Angin senja berembus, membawa sunyi yang menyesakkan. Leo tetap terdiam, rahangnya mengeras, seolah menahan sesuatu yang lebih besar daripada sekadar amarah. Tatapannya menusuk Lya, namun ada juga luka yang tak pernah tersampaikan.

Lya mendongak, mata bengkaknya berair, memaksa dirinya untuk tetap menatap Leo.

Leo akhirnya bergerak. Ia menghela napas panjang, tapi bukan untuk menenangkan diri—melainkan untuk memberi ruang bagi ledakan yang lama ia pendam.

“Sejujurnya…” suaranya pecah, serak, dan getir. “Aku marah, Lya. Aku marah padamu, pada Anna… pada kalian berdua yang membuatku jadi seperti ini.”

Ia mendekat selangkah, menatap Lya begitu dalam, memberikan sapuan lembut pada pipinya hingga akhirnya turun ke leher. Tangannya tampak mengeras, namun tak ada tekanan yang benar-benar ia berikan—seolah hanya ingin merasakan denyut kehidupan yang selama ini menjauh darinya.

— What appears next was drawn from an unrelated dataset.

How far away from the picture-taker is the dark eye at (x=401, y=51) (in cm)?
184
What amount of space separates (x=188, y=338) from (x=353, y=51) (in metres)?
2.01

“Kau tahu apa yang paling menyakitkan? Kalian berdua membuatku percaya bahwa aku punya tempat, bahwa aku berarti. Tapi pada akhirnya? Anna seenaknya pergi, mengabaikan eksistensiku dan memilih pilihan itu. Dan sekarang kau—”

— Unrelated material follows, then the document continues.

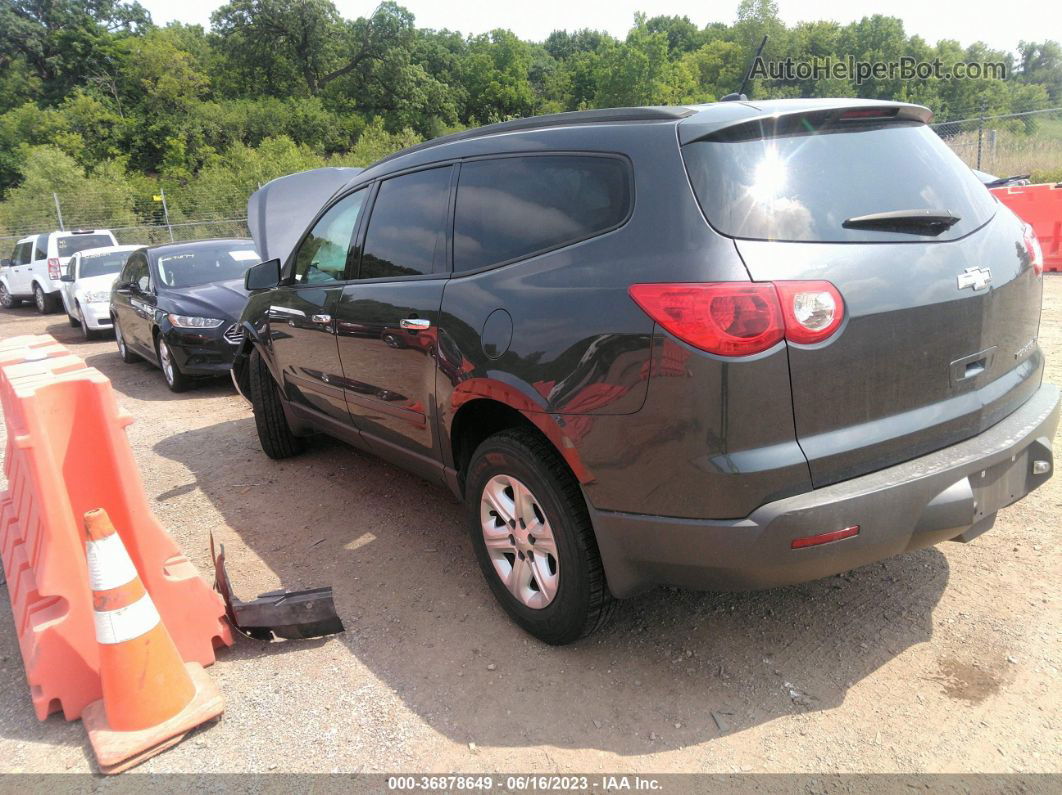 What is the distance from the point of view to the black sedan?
317 inches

Leo melirik tajam ke arah Ben yang masih berdiri agak berjarak dari mereka, tubuh kaku seperti sedang menahan badai. Lalu tatapannya kembali menancap ke dalam mata Lya, menusuk hingga ke dasar hati.

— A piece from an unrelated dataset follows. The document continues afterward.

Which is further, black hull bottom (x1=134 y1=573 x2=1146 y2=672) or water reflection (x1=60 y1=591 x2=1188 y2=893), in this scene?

“—kau berdiri di sini dengan pria itu. Lalu apa?”

Suaranya meninggi, hampir pecah, namun matanya justru berair, berkilat dengan kesedihan yang terlalu lama terkurung.

“Lalu apa yang tersisa dariku, Lya?!”

Keheningan kembali merayap, hanya terputus oleh detak jantung yang bergemuruh di dada mereka. Senja telah jatuh sepenuhnya, menyisakan langit muram yang seakan ikut menatap tragedi kecil itu.

Lya terisak, bahunya bergetar. Bibirnya berusaha merangkai kata, namun kelu. Hingga akhirnya ia berhasil memaksa suaranya keluar, lirih, hampir terputus oleh tangis.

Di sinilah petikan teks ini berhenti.